> **Try it**
Word for word, repeat the records, leaving every picture behind.

> **Records to use**
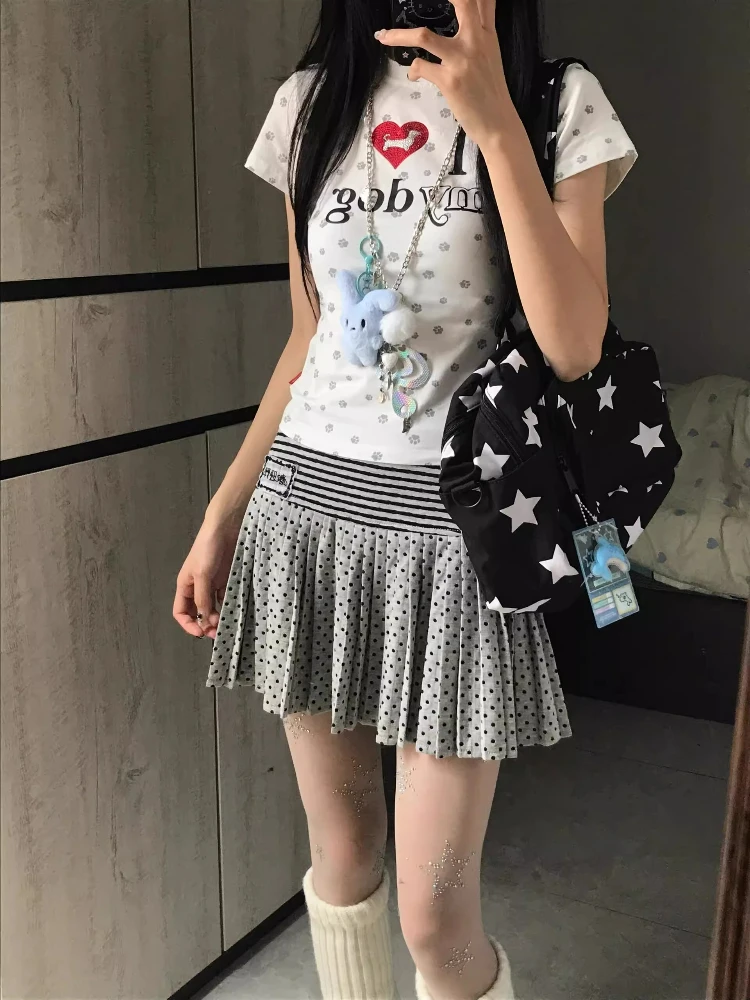 일본의 새로운 하이 웨이스트 폴카 도트 짧은 치마 여성 여름 캐주얼 Y2k 프릴 스트라이프 스커트 여성 디자인 레트로 그레이 의상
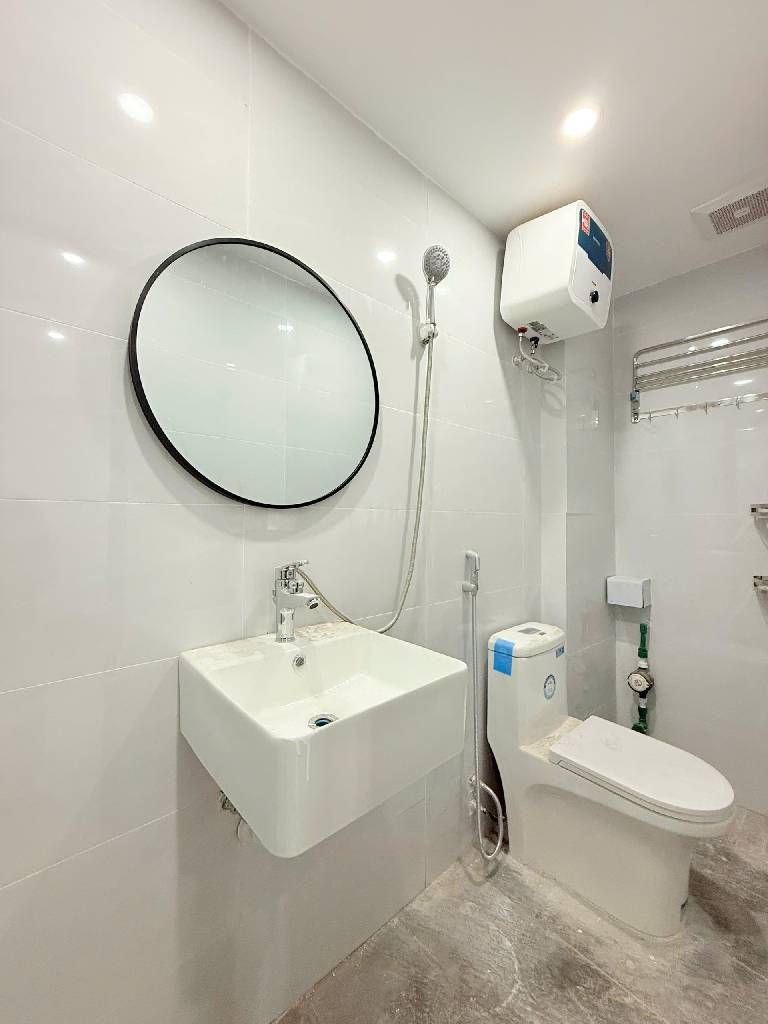 Bán nhà Ngõ Hòa Bình 7 - diện tích 51m2 7 tầng - CHDV dòng tiền ổn định - giá 16,9 tỷ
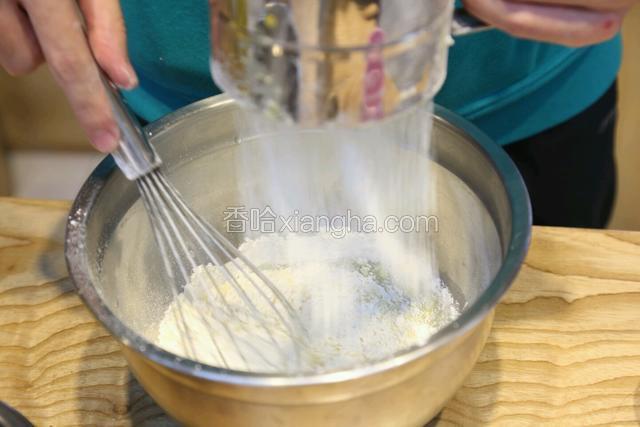 筛入低筋面粉和奶粉，轻轻翻拌成酥皮面团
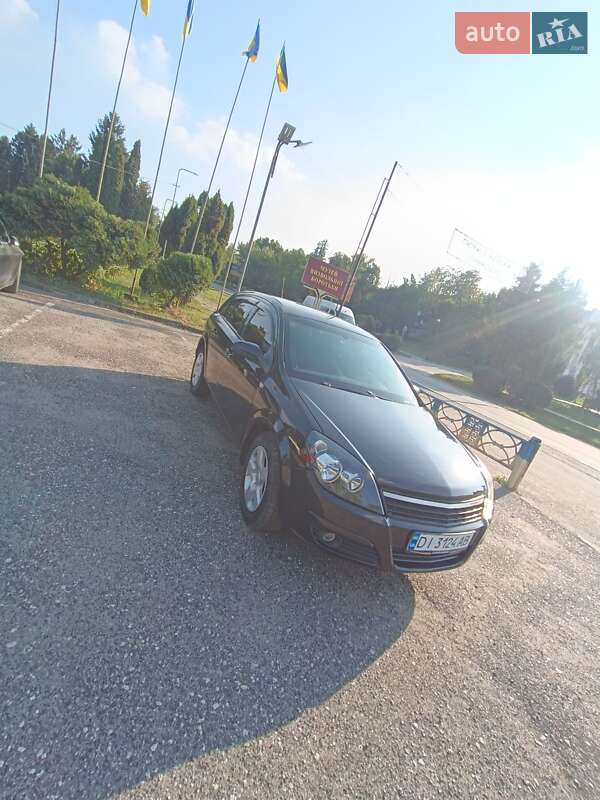 Хетчбек Opel Astra 2006 в Бурштині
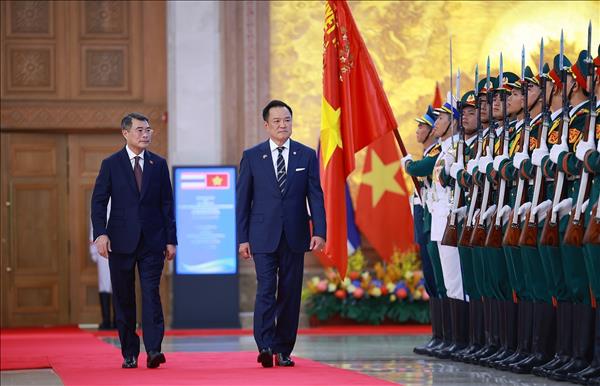 フン首相　タイのアヌティン首相への歓迎式典を主催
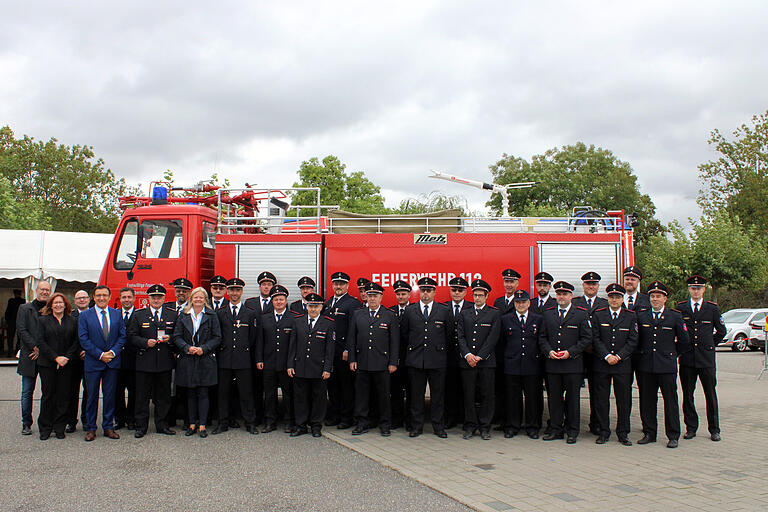 Die anwesenden Geehrten bei der Freiwilligen Feuerwehr Tauberbischofsheim mit den Ehrengästen Die anwesenden Geehrten bei der Freiwilligen Feuerwehr Tauberbischofsheim mit den Ehrengästen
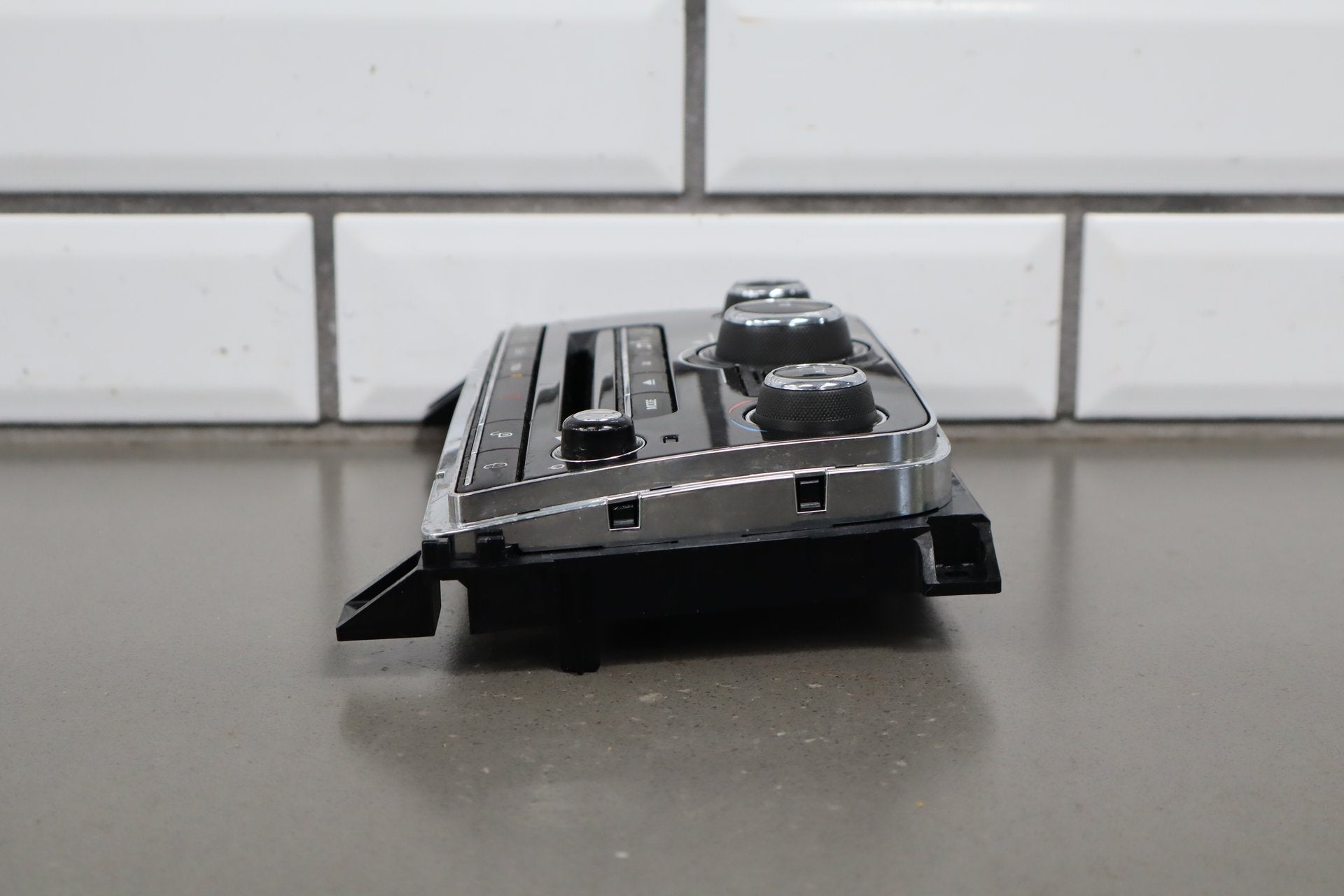 2010-2013 Jaguar XJ Climate Control OEM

> **Output of the exercise**
 일본의 새로운 하이 웨이스트 폴카 도트 짧은 치마 여성 여름 캐주얼 Y2k 프릴 스트라이프 스커트 여성 디자인 레트로 그레이 의상
 Bán nhà Ngõ Hòa Bình 7 - diện tích 51m2 7 tầng - CHDV dòng tiền ổn định - giá 16,9 tỷ
 筛入低筋面粉和奶粉，轻轻翻拌成酥皮面团
 Хетчбек Opel Astra 2006 в Бурштині
 フン首相　タイのアヌティン首相への歓迎式典を主催
 Die anwesenden Geehrten bei der Freiwilligen Feuerwehr Tauberbischofsheim mit den Ehrengästen Die anwesenden Geehrten bei der Freiwilligen Feuerwehr Tauberbischofsheim mit den Ehrengästen
 2010-2013 Jaguar XJ Climate Control OEM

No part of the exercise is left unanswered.